- REQUIRED WORK
Return each line exactly as written. Begin with the first line of the entries and end with the line that has "2024 PerthMint Australian".

- Dataset excerpts
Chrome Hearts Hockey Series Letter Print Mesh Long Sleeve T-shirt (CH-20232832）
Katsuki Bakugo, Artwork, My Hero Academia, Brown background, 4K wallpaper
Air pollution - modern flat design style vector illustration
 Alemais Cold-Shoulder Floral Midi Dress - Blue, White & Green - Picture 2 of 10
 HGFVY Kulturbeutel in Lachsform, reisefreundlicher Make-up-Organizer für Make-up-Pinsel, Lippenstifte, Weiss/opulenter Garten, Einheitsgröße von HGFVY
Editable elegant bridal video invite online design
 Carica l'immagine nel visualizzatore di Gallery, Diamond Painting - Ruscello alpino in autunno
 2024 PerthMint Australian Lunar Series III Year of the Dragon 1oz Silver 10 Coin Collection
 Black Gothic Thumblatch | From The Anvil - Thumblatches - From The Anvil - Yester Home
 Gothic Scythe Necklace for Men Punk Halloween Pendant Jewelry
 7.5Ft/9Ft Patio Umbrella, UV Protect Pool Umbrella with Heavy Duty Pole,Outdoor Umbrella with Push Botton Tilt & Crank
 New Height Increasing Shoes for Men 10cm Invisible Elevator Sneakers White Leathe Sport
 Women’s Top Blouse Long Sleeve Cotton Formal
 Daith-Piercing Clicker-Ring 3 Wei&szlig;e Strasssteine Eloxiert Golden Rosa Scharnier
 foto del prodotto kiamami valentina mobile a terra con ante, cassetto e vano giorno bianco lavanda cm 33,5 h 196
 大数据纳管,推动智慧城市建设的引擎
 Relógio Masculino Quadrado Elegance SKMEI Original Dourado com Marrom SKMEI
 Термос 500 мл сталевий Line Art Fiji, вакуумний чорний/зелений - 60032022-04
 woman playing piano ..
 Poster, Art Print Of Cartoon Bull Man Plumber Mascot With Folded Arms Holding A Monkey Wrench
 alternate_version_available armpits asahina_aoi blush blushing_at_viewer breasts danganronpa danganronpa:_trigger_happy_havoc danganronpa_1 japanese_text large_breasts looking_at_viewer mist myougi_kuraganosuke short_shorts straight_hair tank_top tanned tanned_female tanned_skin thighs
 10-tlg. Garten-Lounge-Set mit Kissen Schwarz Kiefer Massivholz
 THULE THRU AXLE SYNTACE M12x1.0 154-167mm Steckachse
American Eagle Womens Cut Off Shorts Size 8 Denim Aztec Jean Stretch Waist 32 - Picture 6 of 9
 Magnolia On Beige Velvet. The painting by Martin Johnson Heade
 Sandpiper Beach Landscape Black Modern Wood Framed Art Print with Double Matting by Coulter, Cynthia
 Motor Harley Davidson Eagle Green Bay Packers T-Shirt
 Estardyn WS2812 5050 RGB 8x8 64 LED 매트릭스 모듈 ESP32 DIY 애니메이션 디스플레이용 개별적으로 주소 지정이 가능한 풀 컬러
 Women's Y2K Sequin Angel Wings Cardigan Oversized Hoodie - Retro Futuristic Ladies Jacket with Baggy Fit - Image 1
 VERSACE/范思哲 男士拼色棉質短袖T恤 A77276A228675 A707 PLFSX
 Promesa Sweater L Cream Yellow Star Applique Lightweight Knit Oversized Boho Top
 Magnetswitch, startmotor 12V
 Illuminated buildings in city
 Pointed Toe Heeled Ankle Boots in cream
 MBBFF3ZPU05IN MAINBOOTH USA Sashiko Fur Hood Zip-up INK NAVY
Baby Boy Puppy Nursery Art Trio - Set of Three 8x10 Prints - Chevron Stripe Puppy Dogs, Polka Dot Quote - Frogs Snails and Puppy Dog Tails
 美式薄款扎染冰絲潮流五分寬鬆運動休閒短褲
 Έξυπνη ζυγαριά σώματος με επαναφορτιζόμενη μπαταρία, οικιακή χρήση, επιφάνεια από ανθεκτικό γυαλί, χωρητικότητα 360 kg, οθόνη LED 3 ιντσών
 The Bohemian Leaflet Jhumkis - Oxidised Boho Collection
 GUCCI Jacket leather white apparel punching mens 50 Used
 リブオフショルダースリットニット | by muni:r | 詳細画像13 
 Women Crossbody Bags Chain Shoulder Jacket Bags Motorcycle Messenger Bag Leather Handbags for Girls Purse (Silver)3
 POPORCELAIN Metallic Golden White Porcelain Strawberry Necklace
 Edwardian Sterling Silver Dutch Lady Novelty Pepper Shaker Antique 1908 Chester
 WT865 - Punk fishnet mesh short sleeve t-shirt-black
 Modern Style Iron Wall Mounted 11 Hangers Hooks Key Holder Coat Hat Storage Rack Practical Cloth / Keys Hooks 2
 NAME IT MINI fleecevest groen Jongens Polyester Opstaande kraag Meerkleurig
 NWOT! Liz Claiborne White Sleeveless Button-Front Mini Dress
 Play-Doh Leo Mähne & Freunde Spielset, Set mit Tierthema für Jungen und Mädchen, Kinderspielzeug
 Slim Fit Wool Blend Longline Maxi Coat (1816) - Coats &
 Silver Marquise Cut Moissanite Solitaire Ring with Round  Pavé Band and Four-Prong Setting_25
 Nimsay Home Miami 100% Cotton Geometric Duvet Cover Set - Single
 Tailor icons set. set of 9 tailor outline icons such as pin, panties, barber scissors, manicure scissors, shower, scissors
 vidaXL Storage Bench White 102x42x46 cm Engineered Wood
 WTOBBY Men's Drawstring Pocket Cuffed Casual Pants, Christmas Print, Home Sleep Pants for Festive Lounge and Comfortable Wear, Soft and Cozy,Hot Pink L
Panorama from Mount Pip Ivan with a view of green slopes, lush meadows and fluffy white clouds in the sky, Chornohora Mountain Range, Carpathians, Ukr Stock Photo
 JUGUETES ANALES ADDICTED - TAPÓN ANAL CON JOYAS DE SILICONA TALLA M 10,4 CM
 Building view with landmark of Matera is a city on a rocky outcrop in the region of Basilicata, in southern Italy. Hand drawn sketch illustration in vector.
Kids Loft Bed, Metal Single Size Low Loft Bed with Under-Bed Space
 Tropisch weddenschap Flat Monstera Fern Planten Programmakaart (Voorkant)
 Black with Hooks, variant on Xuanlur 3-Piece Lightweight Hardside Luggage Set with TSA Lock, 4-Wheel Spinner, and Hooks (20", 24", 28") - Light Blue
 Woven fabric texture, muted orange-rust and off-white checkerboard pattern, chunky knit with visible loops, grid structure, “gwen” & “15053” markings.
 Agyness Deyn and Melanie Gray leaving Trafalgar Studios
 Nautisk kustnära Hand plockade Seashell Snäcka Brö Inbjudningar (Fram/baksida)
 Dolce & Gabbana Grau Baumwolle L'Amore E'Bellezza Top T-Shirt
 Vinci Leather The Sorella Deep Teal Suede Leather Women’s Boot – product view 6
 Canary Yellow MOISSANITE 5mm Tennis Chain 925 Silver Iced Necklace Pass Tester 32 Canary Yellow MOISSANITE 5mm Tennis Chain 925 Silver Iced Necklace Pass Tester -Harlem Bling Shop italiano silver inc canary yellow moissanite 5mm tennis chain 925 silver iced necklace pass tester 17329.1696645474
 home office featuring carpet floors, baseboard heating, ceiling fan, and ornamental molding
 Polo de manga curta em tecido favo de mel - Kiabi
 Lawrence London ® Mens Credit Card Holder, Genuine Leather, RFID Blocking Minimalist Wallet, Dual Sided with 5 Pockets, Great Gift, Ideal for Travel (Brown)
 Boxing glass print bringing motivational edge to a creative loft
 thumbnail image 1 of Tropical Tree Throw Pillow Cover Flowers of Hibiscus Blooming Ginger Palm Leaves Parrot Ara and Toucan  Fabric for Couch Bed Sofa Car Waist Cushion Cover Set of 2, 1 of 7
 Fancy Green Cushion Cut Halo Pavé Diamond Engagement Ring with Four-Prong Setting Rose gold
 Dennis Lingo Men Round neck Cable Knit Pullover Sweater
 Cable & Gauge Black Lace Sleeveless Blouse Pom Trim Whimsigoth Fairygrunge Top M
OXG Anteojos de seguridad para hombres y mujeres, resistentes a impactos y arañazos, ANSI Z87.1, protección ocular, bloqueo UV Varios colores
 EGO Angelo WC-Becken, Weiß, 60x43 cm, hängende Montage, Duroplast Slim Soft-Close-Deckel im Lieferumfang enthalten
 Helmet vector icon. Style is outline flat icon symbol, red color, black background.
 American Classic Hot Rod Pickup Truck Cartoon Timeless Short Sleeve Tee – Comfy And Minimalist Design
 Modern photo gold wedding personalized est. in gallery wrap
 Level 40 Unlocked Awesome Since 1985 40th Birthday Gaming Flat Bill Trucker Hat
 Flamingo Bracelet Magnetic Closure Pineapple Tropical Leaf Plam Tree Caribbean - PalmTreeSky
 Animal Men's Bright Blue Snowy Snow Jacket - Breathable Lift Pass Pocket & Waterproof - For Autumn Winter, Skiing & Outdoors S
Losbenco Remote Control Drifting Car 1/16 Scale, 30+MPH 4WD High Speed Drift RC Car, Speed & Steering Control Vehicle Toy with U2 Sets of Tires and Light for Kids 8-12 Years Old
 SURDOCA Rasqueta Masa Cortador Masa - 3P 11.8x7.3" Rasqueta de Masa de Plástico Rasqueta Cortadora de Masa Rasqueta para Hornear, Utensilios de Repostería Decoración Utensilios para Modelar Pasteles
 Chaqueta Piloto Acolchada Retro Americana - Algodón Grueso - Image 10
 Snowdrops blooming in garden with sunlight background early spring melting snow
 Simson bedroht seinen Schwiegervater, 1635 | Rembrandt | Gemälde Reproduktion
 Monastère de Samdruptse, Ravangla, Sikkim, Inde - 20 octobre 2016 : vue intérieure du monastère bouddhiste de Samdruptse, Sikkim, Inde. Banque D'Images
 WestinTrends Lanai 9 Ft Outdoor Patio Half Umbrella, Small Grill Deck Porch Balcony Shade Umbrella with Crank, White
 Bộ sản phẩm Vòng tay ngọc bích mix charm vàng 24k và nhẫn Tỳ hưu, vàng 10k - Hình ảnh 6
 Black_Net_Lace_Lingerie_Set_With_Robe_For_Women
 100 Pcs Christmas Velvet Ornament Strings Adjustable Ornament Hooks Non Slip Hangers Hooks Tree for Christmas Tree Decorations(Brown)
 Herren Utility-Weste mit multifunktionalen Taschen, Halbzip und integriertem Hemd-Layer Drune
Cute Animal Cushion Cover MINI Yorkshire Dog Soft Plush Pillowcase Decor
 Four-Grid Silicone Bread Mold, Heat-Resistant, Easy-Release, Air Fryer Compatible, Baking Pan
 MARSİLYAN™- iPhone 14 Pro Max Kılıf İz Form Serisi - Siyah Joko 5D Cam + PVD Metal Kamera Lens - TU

- RESPONSE
Chrome Hearts Hockey Series Letter Print Mesh Long Sleeve T-shirt (CH-20232832）
Katsuki Bakugo, Artwork, My Hero Academia, Brown background, 4K wallpaper
Air pollution - modern flat design style vector illustration
 Alemais Cold-Shoulder Floral Midi Dress - Blue, White & Green - Picture 2 of 10
 HGFVY Kulturbeutel in Lachsform, reisefreundlicher Make-up-Organizer für Make-up-Pinsel, Lippenstifte, Weiss/opulenter Garten, Einheitsgröße von HGFVY
Editable elegant bridal video invite online design
 Carica l'immagine nel visualizzatore di Gallery, Diamond Painting - Ruscello alpino in autunno
 2024 PerthMint Australian Lunar Series III Year of the Dragon 1oz Silver 10 Coin Collection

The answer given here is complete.